* Task to carry out
When you reach the line with "Shop_Arihant Rai Sinha_Cream", transcribe it and each line after it through the last one below, exactly. Pictures stay out.

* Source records
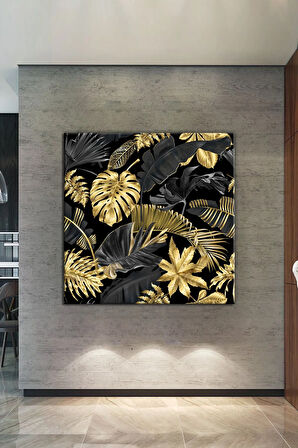 Gold Siyah Yapraklar Dekoratif Kanvas Tablo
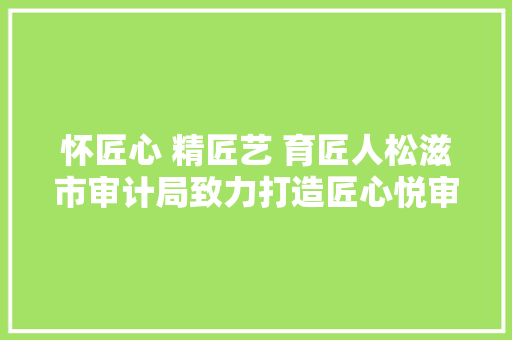 怀匠心 精匠艺 育匠人松滋市审计局致力打造匠心悦审文化品牌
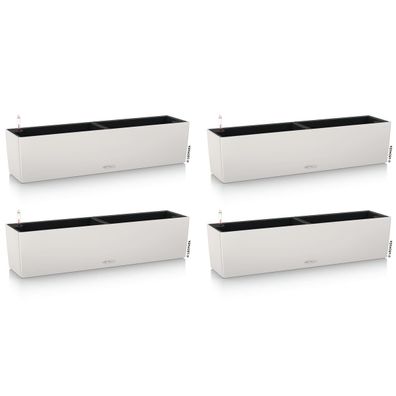 4er - Set LECHUZA® Blumenkasten Balconera Color 80 Lichtgrau AllinOne Artikel EAN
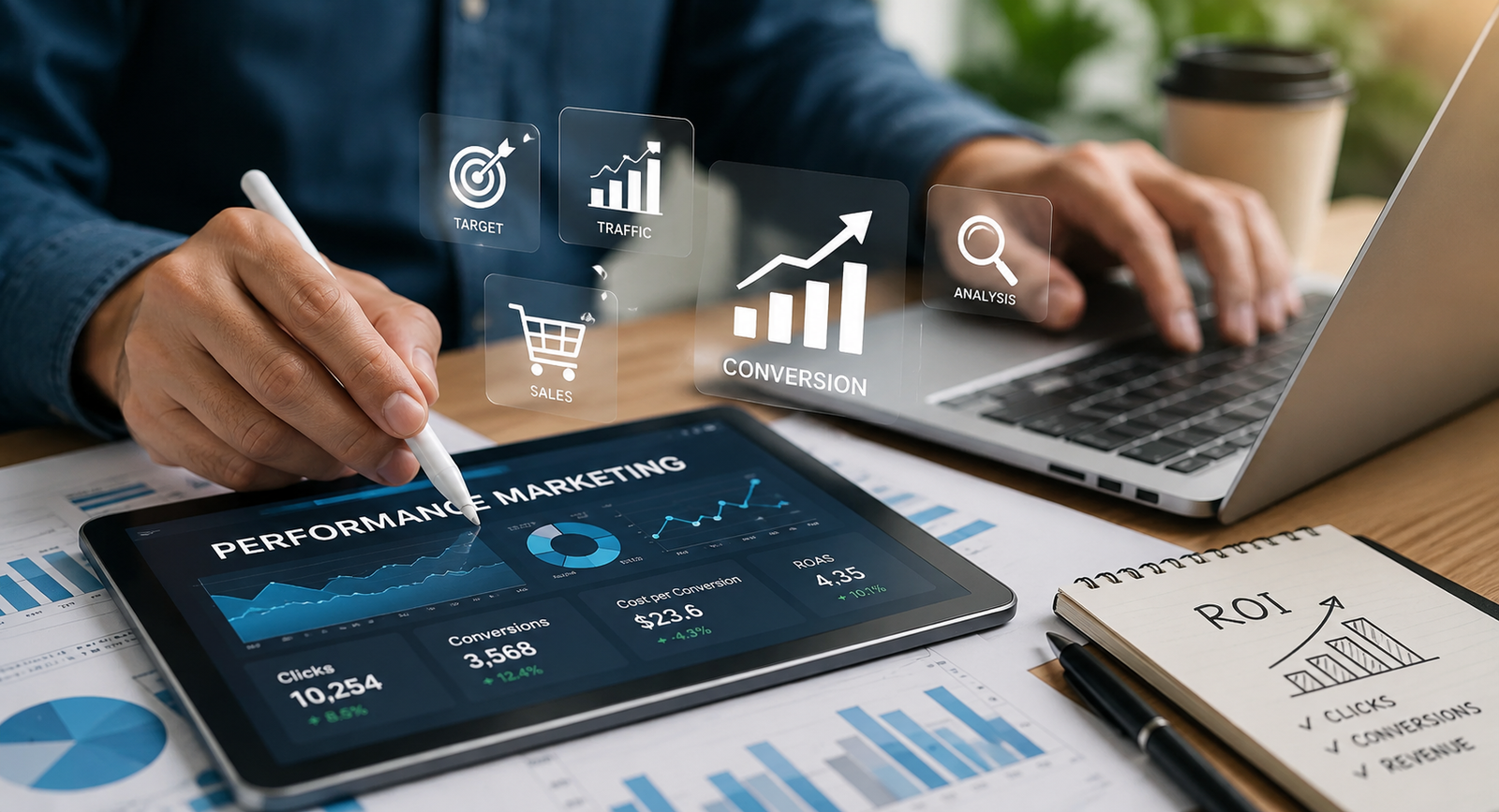 Performance marketing campaign analytics showing clicks, conversions, sales, and ROI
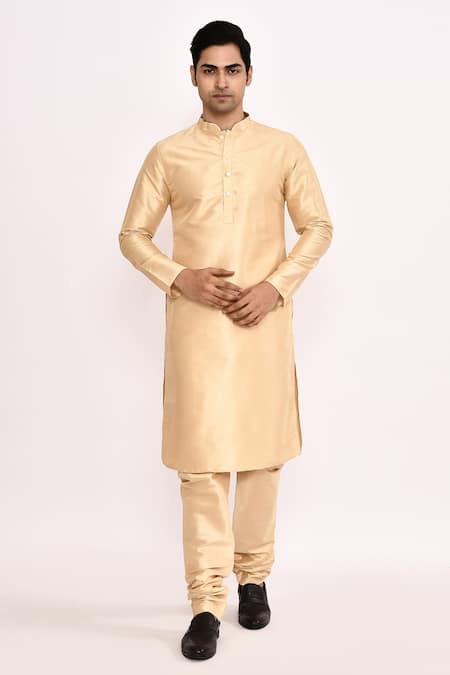 Shop_Arihant Rai Sinha_Cream Silk Mandarin Collar Kurta _at_Aza_Fashions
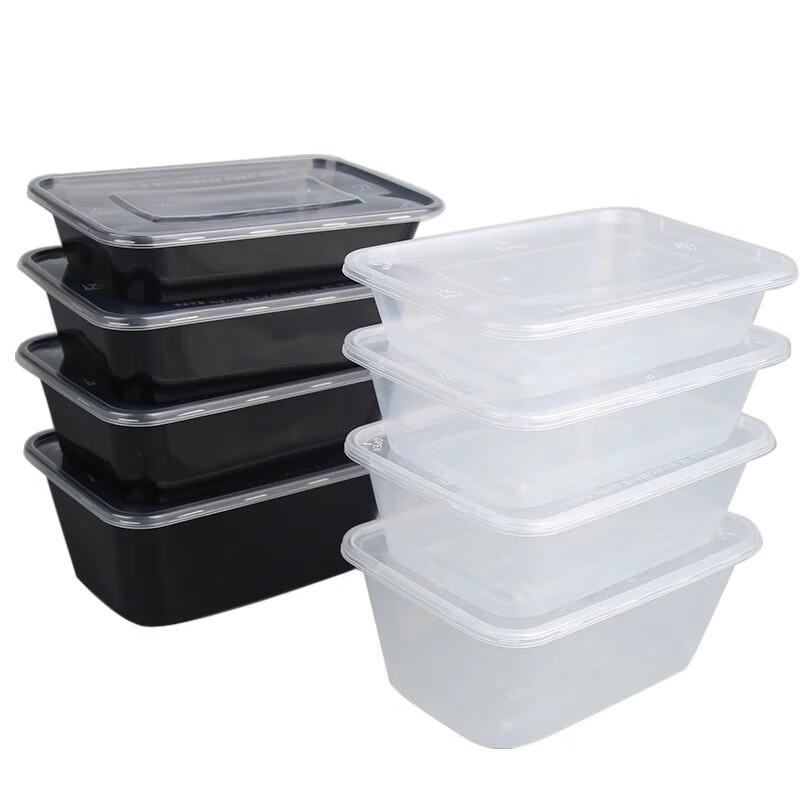 Commercial Disposable Rectangular Plastic Meal Boxes with Lids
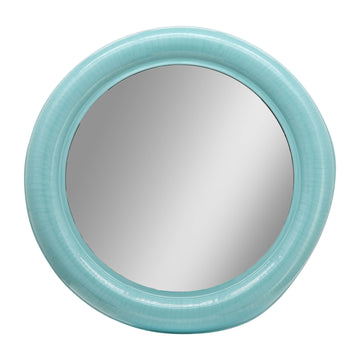 Metal Round Mirror Turq 36" - Turquoise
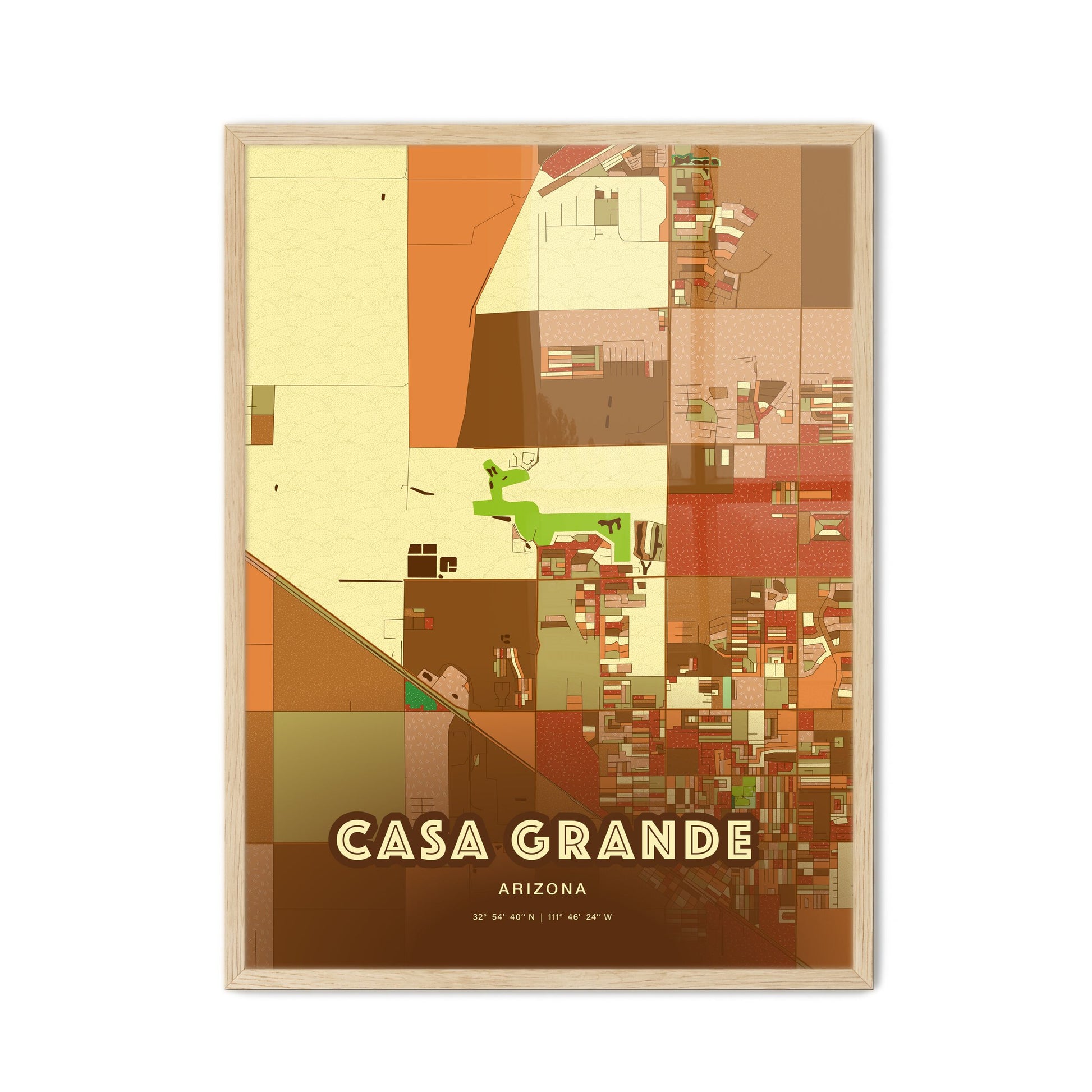 Colorful CASA GRANDE ARIZONA Fine Art Map Farmhouse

* Completed exercise
 Shop_Arihant Rai Sinha_Cream Silk Mandarin Collar Kurta _at_Aza_Fashions
 Commercial Disposable Rectangular Plastic Meal Boxes with Lids
 Metal Round Mirror Turq 36" - Turquoise
 Colorful CASA GRANDE ARIZONA Fine Art Map Farmhouse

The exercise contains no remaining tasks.